Dein Ziel im Fokus - die Macht der Konzentration

„Wer sich entschieden hat, etwas zu tun, und an nichts anderes denkt, überwindet alle Hindernisse." (Casanova)


Hast du einmal dein Ziel gefunden, dann behalte es stets in deinem Blick. Die Macht der Konzentration sagt aus, dass sich, egal ob positiv oder negativ, alles verstärkt.

Du kannst es mit viel Energie vergleichen, die du auf dein Ziel lenkst.


Im Umkehrschluss heißt das, wenn du deine Aufmerksamkeit auf eine Sache nicht richtest, dann wir diese „kleiner“ und unwichtiger.


Nutze die Macht deiner Gedanken indem du deinen Fokus beibehältst.

Hierfür habe ich ein paar Tipps für dich;

  • Erstelle dir zum Beispiel ein „Traumalbum“ für deine langfristigen Ziele.
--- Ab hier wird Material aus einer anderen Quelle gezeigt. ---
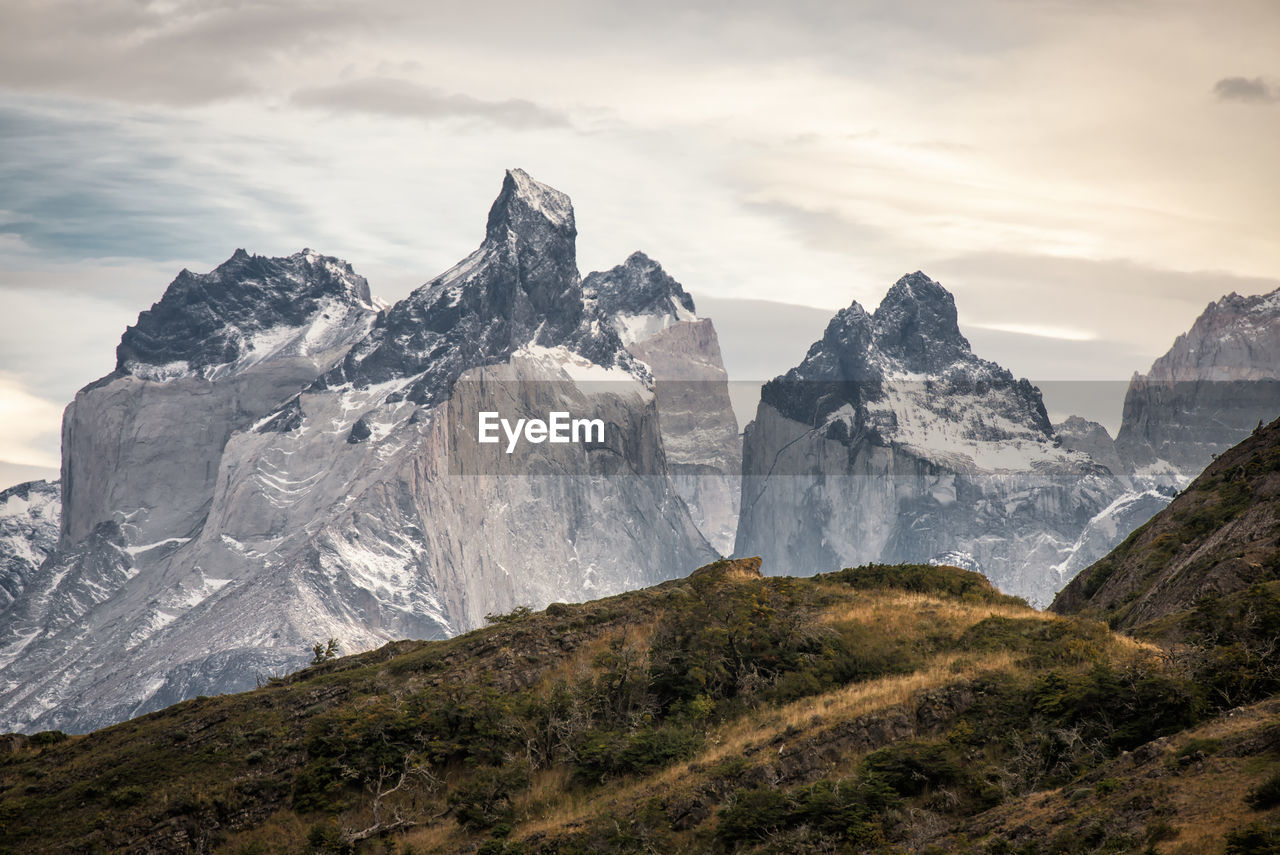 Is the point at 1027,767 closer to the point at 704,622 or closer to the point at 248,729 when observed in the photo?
the point at 704,622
Suche dir schöne Bilder, die Freude in dir auslösen, und klebe diese in ein leeres Buch oder wahlweise in einen Bilderrahmen. Richte es dir so ein, dass du stets an dein Album erinnert wirst, indem du täglich daran vorbei läufst oder es in Sichtnähe, griffbereit, herumliegen hast.

  • Du kannst dir auch eine Liste mit Dingen oder Fähigkeiten erstellen, welche du für dieses Ziel benötigst. Das ist, als würdest du in die Zukunft sehen können - quasi dich selbst als Person, die du gerne sein möchtest.

  • Finde außerdem heraus, was deine Stärken sind. Hinterfrage dich, wie du dich besser auf diese konzentrieren kannst. Den meisten Menschen fallen zuerst ihre Schwächen ein. Diese Schwächen werden dann mit viel Mühe bearbeitet, bis man das Gefühl hat, dass diese Schwäche nur kleiner geworden ist oder sich auf andere verteilt hat. Statt an deinen Schwächen zu verzweifeln, lerne deine Stärken zu fördern.

  • Leider lenken wir uns viel zu oft mit kleinen, unwichtigen Dingen ab. Das magische Zauberwort heißt dafür: „Nein“. Dieses kleine aber mächtige Wort hilft dir, deinen Fokus auf deinem Ziel zu behalten. Es ist am Anfang schwer, aber mit ein wenig Übung fällt dir das Nein-Sagen immer leichter. Vor allem wenn du merkst, dass dir dein Ziel immer und immer wichtiger wird.

Bei der Macht der Konzentration spielen deine Gedanken die zentrale Rolle. Hier heißt es, wie bei jeder anderen Fähigkeit: üben, üben, üben.


Als Beispiel, welches wir alle gut kennen, wäre da die alljährliche Grippe-Welle im Herbst. All deine Kollegen husten und du denkst an nichts anderes, nämlich das du nur nicht krank werden willst. Dreimal darfst du raten wer demnächst krank wird oder zumindest ein leichtes Kratzen im Hals verspürt - richtig, du.

Dein Unterbewusstsein versteht keine Verneinungen. Denke bei der nächsten Krankheitswelle also nicht: „Ich darf nicht krank werden.“ sondern „Ich bin gesund, mir geht es gut.“


Eine positive Grundeinstellung hilft dir sehr. Falls du eher zu negativen Einstellung tendierst dann werde dir bewusst, dass damit auch dein Fokus eher zu den negativen Dingen neigt.


Probier es aus, fokussiere dich auf dein Ziel und vor allem deine Stärken.


Ich hoffe meine Gedanken zu dem Thema haben dir einen neuen Denkanstoss gegeben. Lass es mich gern in den Kommentaren wissen.


Träumst du noch oder planst du schon?